[Supplied records Boundary: Start]

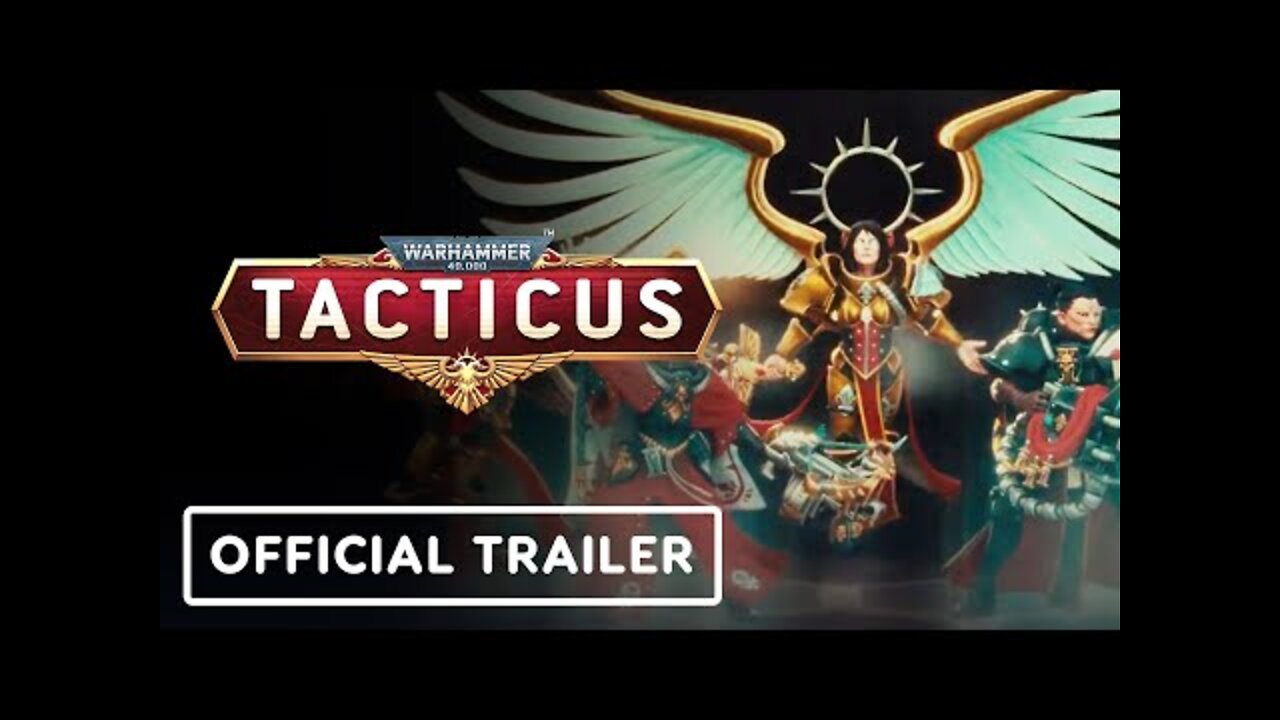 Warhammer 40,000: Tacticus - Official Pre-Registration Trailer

[Supplied records Boundary: End]
[Supplied records Boundary: Start]

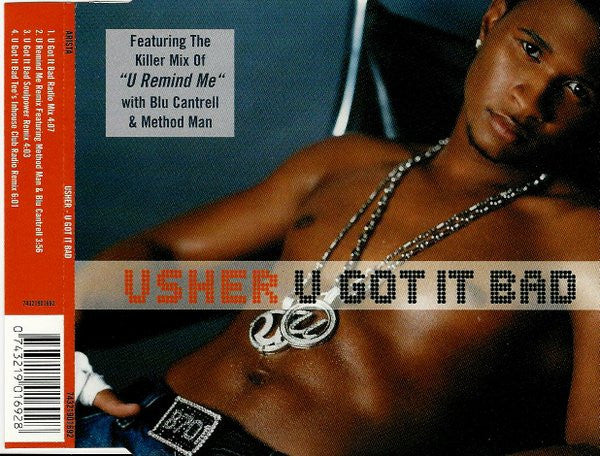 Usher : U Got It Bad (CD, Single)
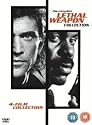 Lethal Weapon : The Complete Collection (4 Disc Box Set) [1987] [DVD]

[Supplied records Boundary: End]

An exact copy is needed. It runs from the line above containing "Usher : U Got It Bad (CD, Single)" down to the line containing "Lethal Weapon : The", both included, with no pictures.

 Usher : U Got It Bad (CD, Single)
 Lethal Weapon : The Complete Collection (4 Disc Box Set) [1987] [DVD]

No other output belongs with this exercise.